Analytic extensions of Starobinsky model of inflation

TL;DR

This paper explores various extensions of the Starobinsky inflation model by adding higher-order curvature terms and deforming the potential, ensuring compatibility with observational data and analyzing their effects on inflationary parameters.

Contribution

It introduces new extended models of the Starobinsky inflation with explicit field and parameter dependence, and derives observational constraints on these deformations.

Findings

Adding an $R^{3/2}$ term increases the tensor-to-scalar ratio.

Deformations of the scalar potential are constrained by observational bounds.
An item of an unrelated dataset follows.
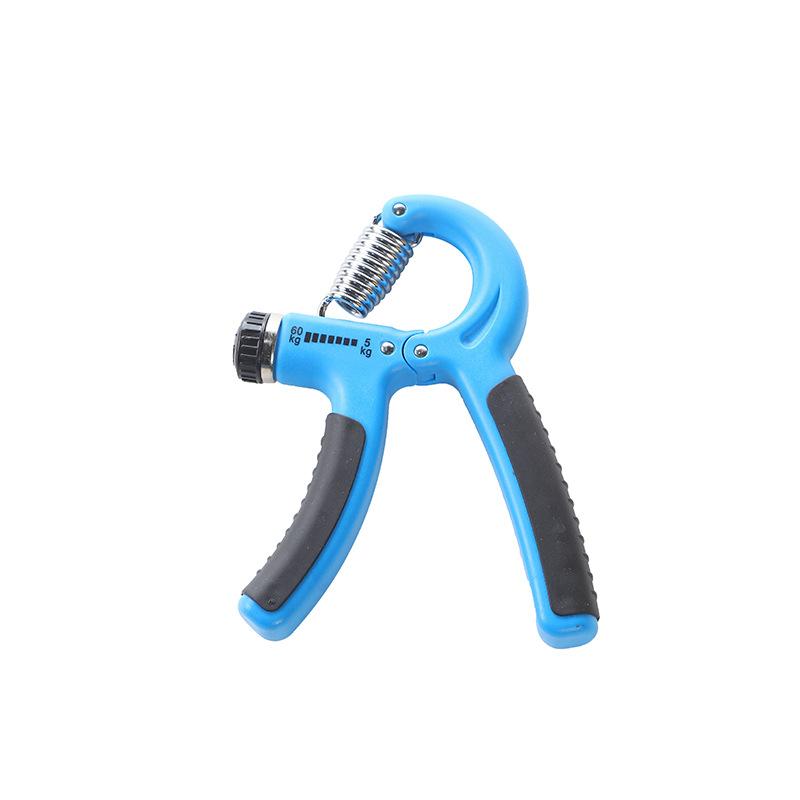 5-60kg Hands Hander Huấn luyện tập thể dục Huấn luyện tập thể dục tay tay tay Cung tay cẳng tay có thể điều chỉnh phần mở rộng điện cổ tay cao Color: Red
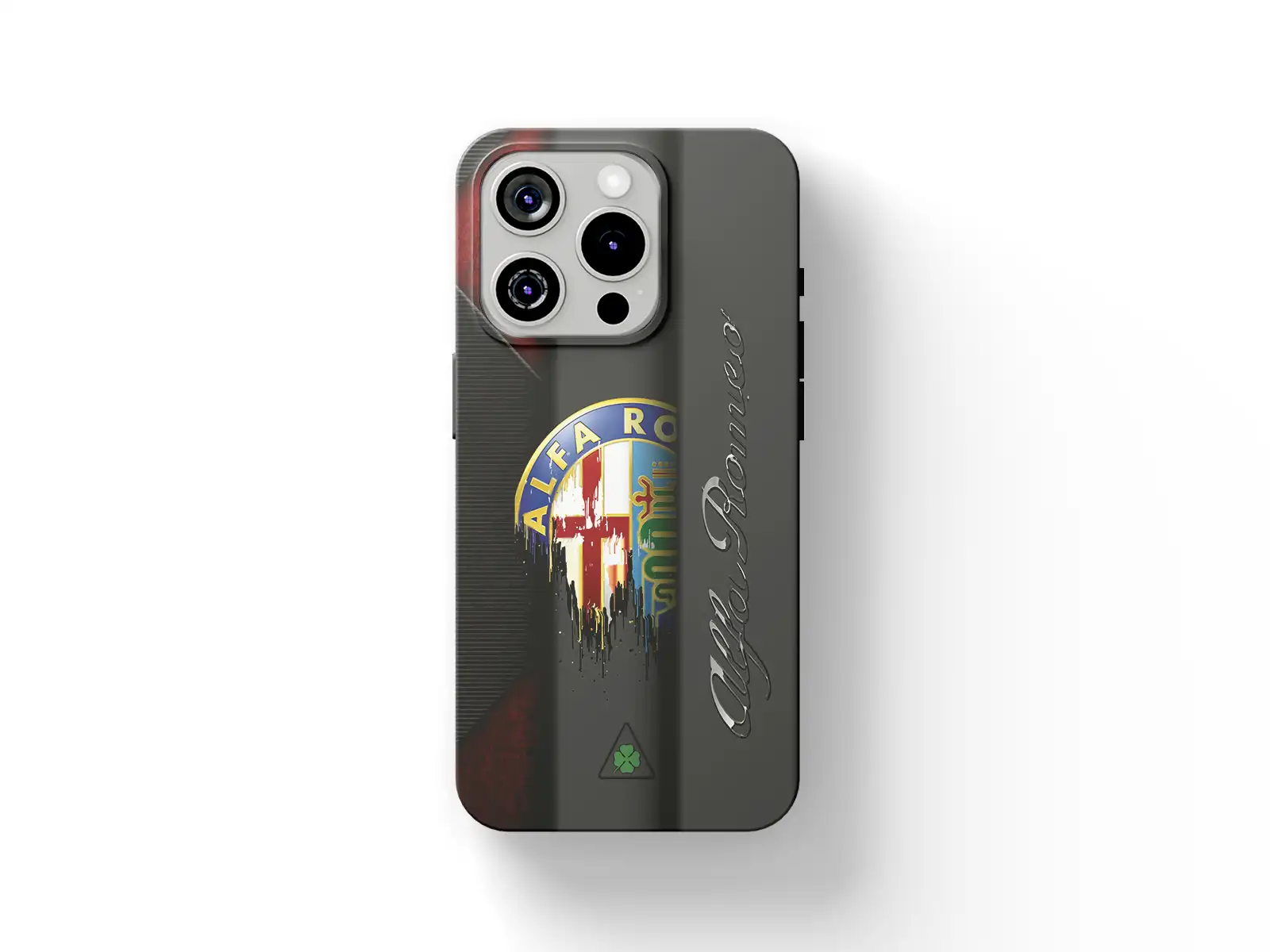 Alfa Romeo Smartphone Silikonhüllen Luxus Feeling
Models remain consistent with observational constraints across parameter ranges.

Abstract

We study several extensions of the Starobinsky model of inflation, which obey all observational constraints on the inflationary parameters, by demanding that both the inflaton scalar potential in the Einstein frame and the $F(R)$ gravity function in the Jordan frame have the explicit dependence upon fields {\it and} parameters in terms of elementary functions. Our models are continuously connected to the original Starobinsky model via changing the parameters. We modify the Starobinsky $(R+R^2)$ model by adding an $R^3$-term, an $R^4$-term, and an $R^{3/2}$-term, respectively, and calculate the scalar potentials, the inflationary observables and the allowed limits on the deformation parameters by using the latest observational bounds. We find that the tensor-to-scalar ratio in the Starobinsky model modified by the $R^{3/2}$-term significantly increases with raising the parameter in front of that term. On the other side, we deform the scalar potential of the Starobinsky model in the Einstein frame in powers of $y=\exp\left(-\sqrt{\frac{2}{3}}\phi/M_{Pl}\right)$, where $\phi$ is the canonical inflaton (scalaron) field, calculate the corresponding $F(R)$ gravity functions in the two new cases, and find the restrictions on the deformation parameters in the lowest orders with respect to the variable $y$ that is physically small during slow-roll inflation.